> [Goal of the exercise]: From the data that follows, set down exactly the lines from the one with "Mexican Poppies" through the one with "кадр из фильма هورايزن", counting both. Pictures stay out.

> [Data records]:
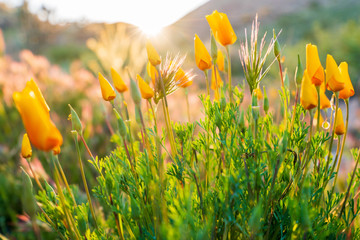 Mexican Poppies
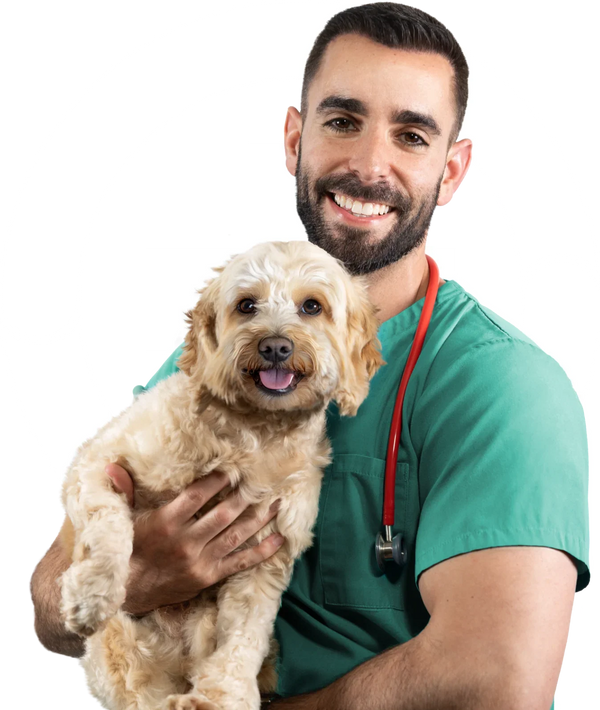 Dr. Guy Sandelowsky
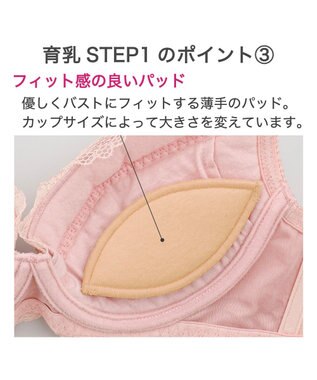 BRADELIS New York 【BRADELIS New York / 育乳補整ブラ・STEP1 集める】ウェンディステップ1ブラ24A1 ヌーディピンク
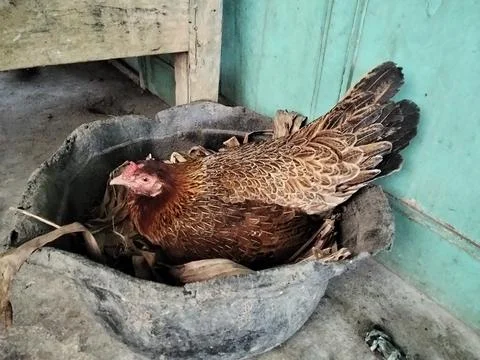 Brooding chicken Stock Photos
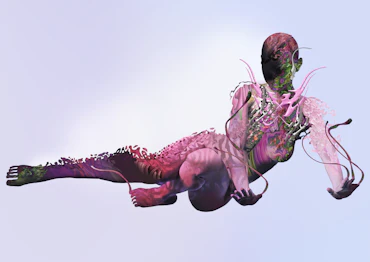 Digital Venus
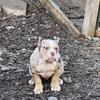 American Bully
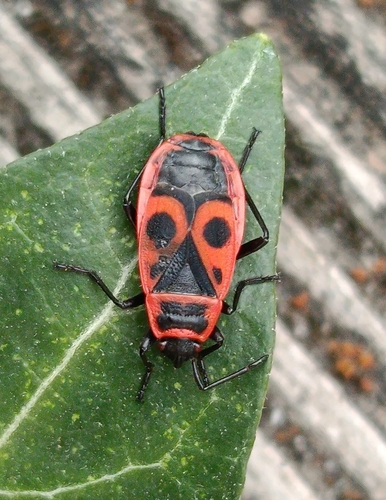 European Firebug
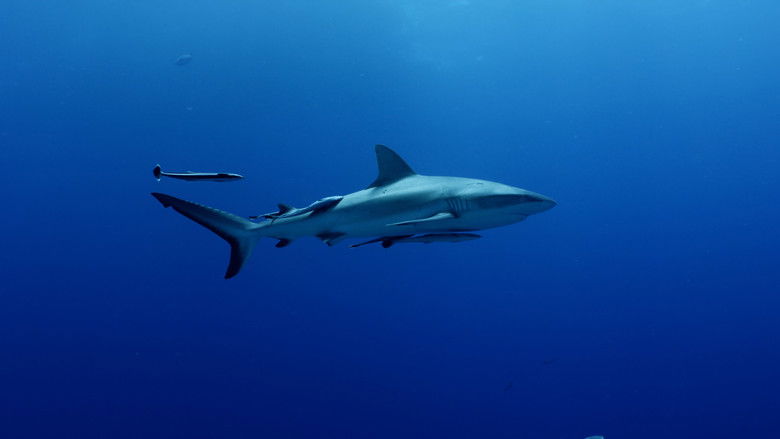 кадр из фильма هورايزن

* * *

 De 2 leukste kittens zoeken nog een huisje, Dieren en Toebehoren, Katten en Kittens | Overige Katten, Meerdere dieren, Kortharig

...

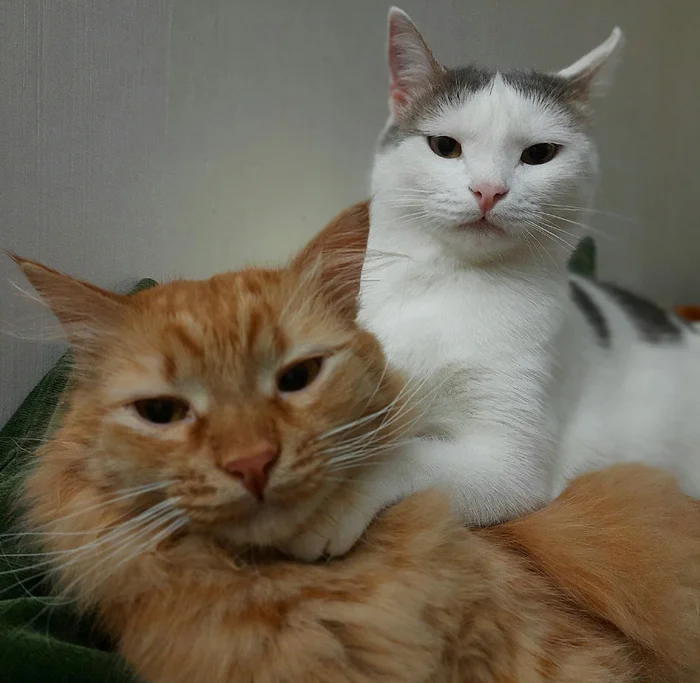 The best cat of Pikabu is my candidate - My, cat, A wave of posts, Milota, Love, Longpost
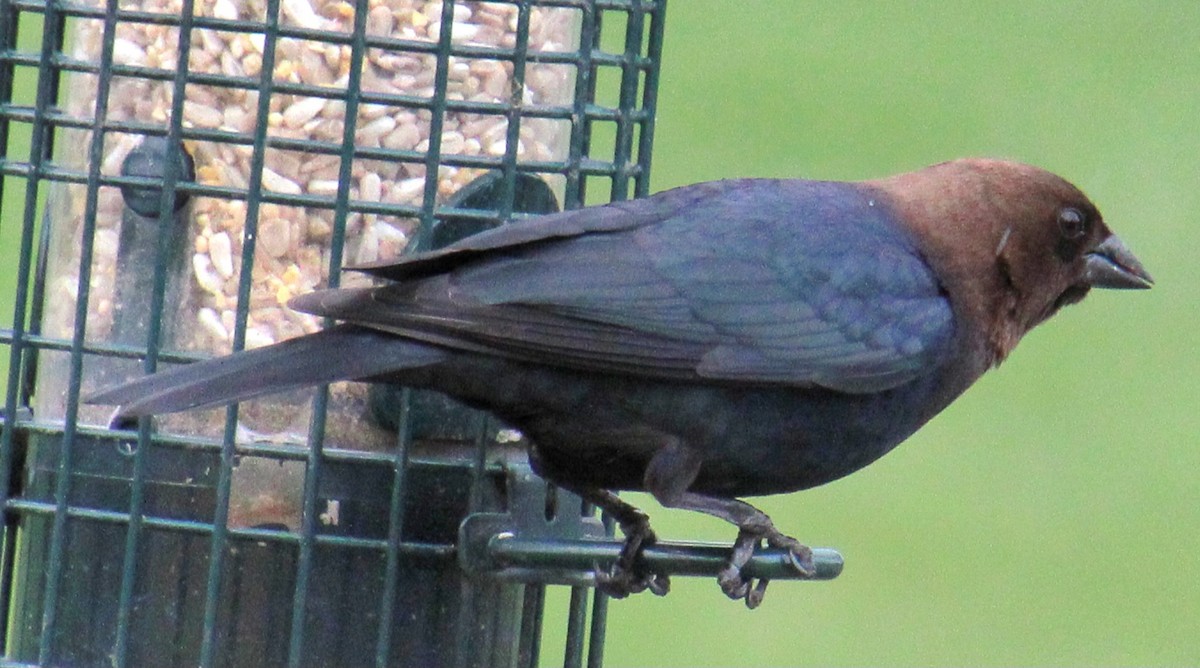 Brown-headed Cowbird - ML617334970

> [Written answer]:
 Mexican Poppies
 Dr. Guy Sandelowsky
 BRADELIS New York 【BRADELIS New York / 育乳補整ブラ・STEP1 集める】ウェンディステップ1ブラ24A1 ヌーディピンク
 Brooding chicken Stock Photos
 Digital Venus
 American Bully
 European Firebug
 кадр из фильма هورايزن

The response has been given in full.